Collective replicate <controller name>--Host=<hostname of initial-controller>--port=<ssl port of initial Controller>--user=<user name of security tabbed in the initial controller>--password=<password of user name Tabbed in the initial controller>--keystorepassword=<keystore password initial

copies and pastes the output of the replicate command into the Server.xml file of the second set-fit controller. Repeat step 6th to 8th on the 3rd controller. On a different machine with Jython installed, download the updaterepositoryconfig.py sample script provided in the Wasdev community. If the Jython client and the initial controller are not on the same system, place the KeyStore from the initial controller in a location that is accessible to Jython clients.
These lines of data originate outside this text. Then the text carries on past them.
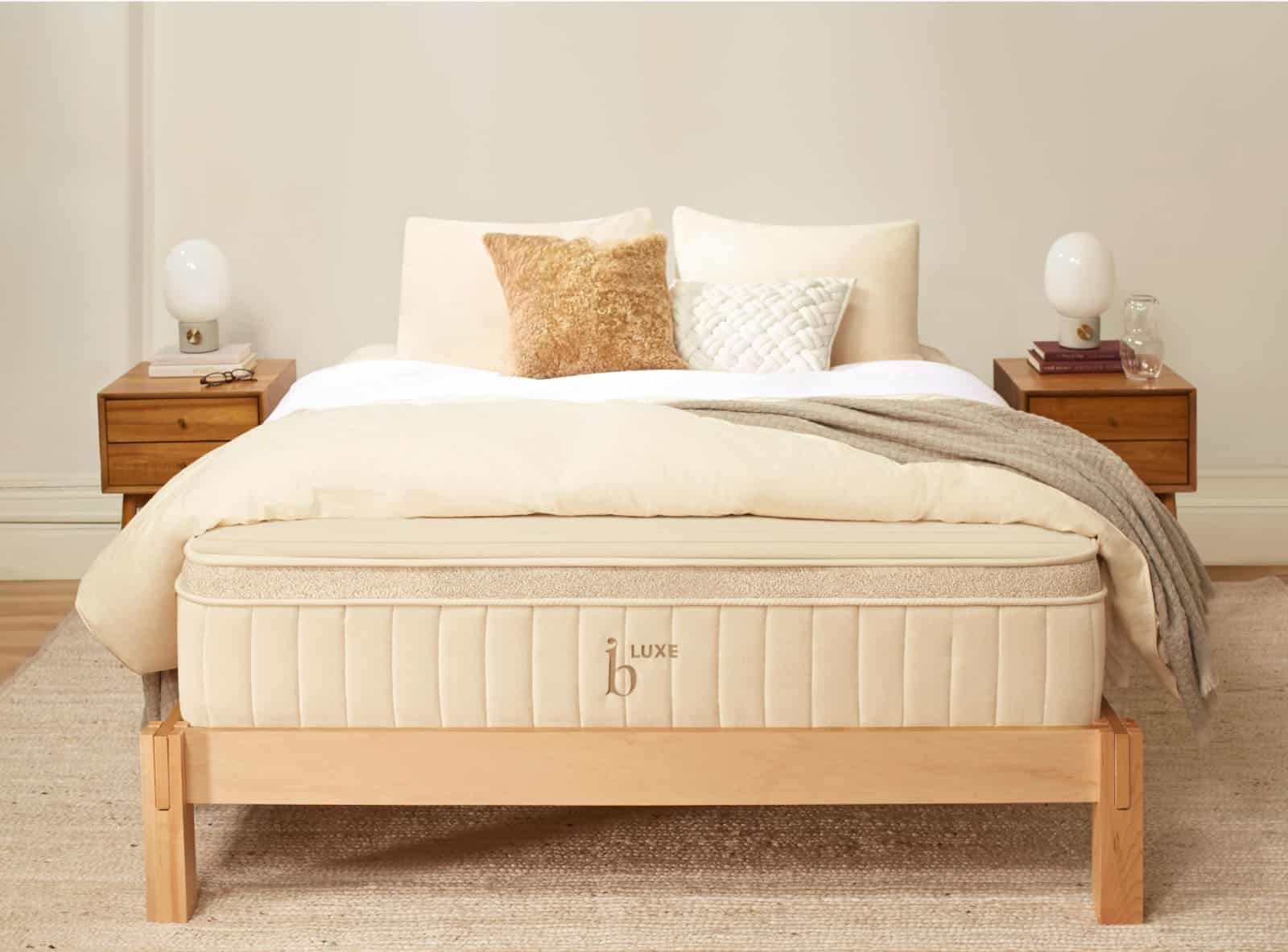 A neatly made bed with a luxe Birch Luxe Natural Mattress and a light-colored wooden frame is centered in the room. The bed is topped with a variety of white and beige pillows, a textured throw, and surrounded by birch nightstands with lamps and minimalist decor.
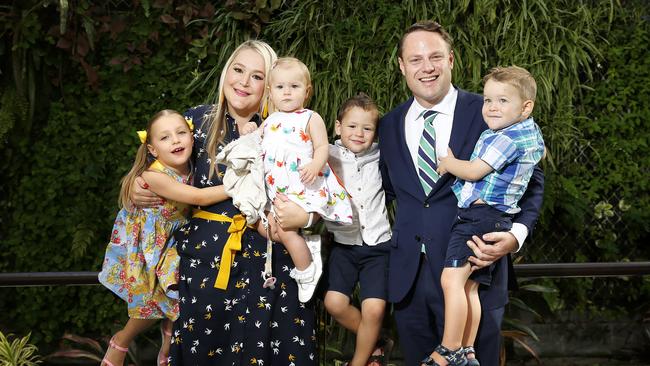 Adrian and Nina Schrinner with children Octavia, 6, Wolfgang, 4, Monash, 2, and Petra, 1, outside Brisbane City Hall on Sunday.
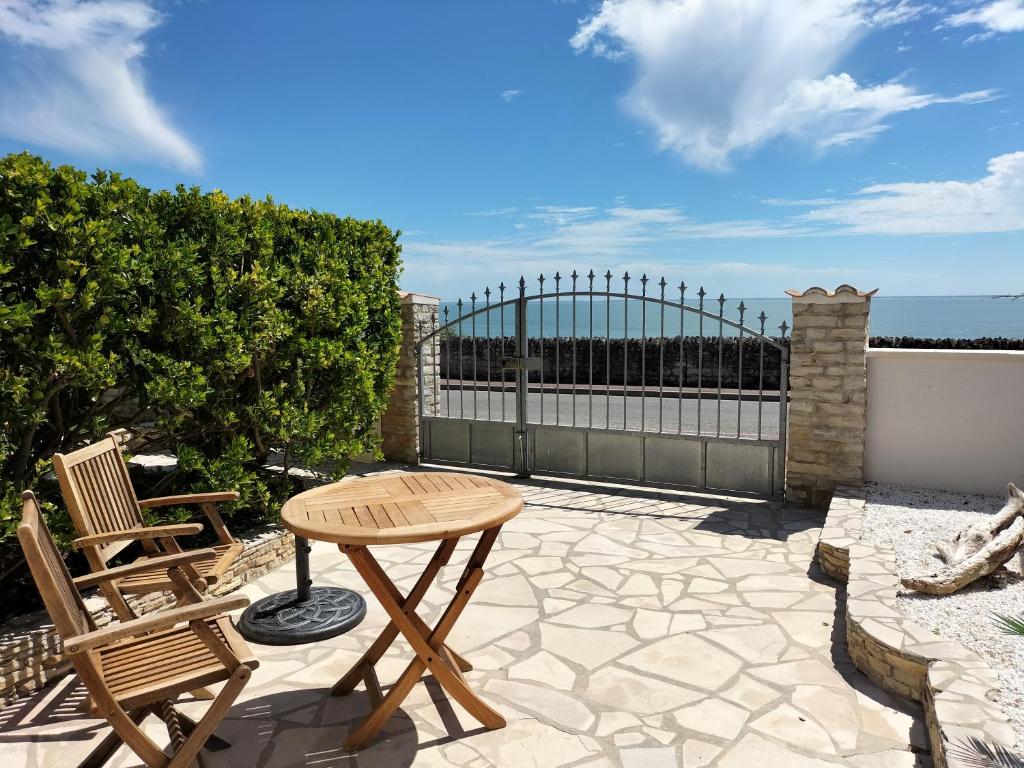 d'une terrasse avec une table, des chaises et une clôture. dans l'établissement Venez vous ressourcer sur les falaises de Meschers, à Meschers-sur-Gironde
Run this command to use the initial controller as the target:

./jython updaterepositoryconfig.py Add––truststore=<path to the trust store of initial controller>-- Truststorepassword=<truststore Password of Initial controller>––host=<hostname of Initial- Port=<ssl Port of initial controller>--user=<user name of security tabbed in the initial controller>-- Password=<password of user tabbed in the initial controller>--endpoint=<hostname and replica port of second Controller>--debug

For example, the actual command might look like this:

./jython updaterepositoryconfig.py Add–truststore=key.jks--truststorepassword=management––host= initialcontroller.ibm.com--port=9443--user=adminuser--password=adminpassword--endpoint=secondcontroller.ibm.com:10010--debug

Repeat step 12th, using the third controller as the endpoint host name.